Wii Fit Doesn’t Actually Make Kids Fit


It’s been close to 30 years since video games began their great leap from arcades to living rooms, and for all of those years parents and pediatricians have been counseling that kids spend too much time sitting on the sofa, controllers glued to their hands.

For a time, it seemed that fitness games and motion control could combine the best of both worlds, and have players — especially kids — immersed in a video game and getting some exercise at the same time. Alas, a new study finds, this compromise seems too good to be true.

Researchers in Houston devised a study to see if children who played more physical games got more activity during the day. The researchers gave Wii consoles to 78 kids who didn’t already own them. Half of the kids were given “active” games, such as Wii Sports or a recent Dance Dance Revolution title, and the other half were given what we might think of as standard, inactive games like Super Mario Galaxy.
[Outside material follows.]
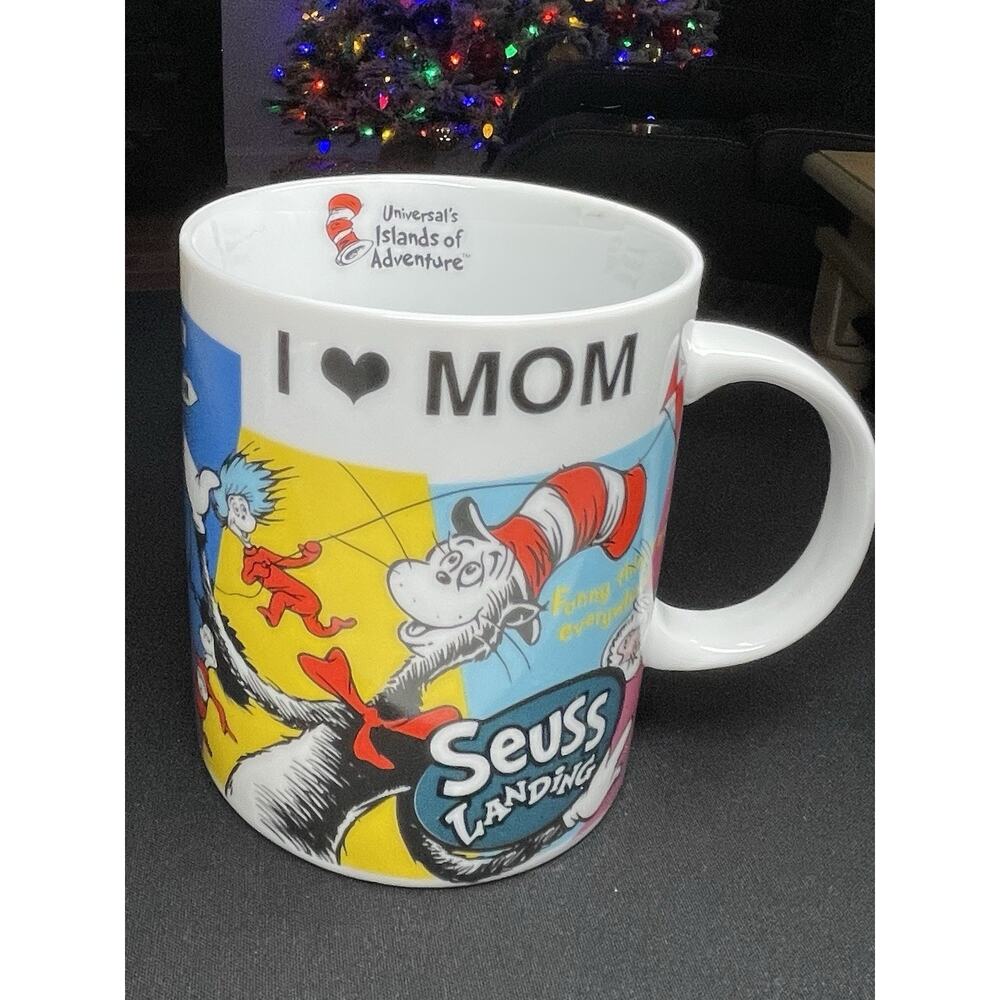 Dr Seuss with Thing 1 & 2 Universal Islands Adventure I Love Mom 12 oz Cup Mug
The kids were asked to wear accelerometers for 13 weeks, and the research team used the data from the accelerometers to determine how much physical activity each participant was getting. As Reuters describes:

Participants wore the devices on a belt during four different week-long periods throughout the study, which allowed the research team to determine when they were sedentary or lightly exercising and when they were engaged in moderate-to-vigorous exercise. Kids were generally good at complying with those instructions because if they did, they got to keep the Wii after the study was over.

Accelerometer logs showed that throughout the study period, kids with the active games didn’t get any more exercise than those given inactive video games.

At weeks one, six, seven and 12, kids in the active game group got an average of 25 to 28 minutes of moderate or vigorous physical activity each day — compared to between 26 and 29 minutes in the inactive video game group.

Researcher Tom Baranowski said that his team was surprised by their findings, telling Reuters, “Frankly we were shocked by the complete lack of difference.”

The researchers conclude that active games could have a small cumulative cumulative effect on a player’s health, weight, and activity level over the course of a year, but help more as a replacement for time spent on sedentary games than as a replacement for regular exercise.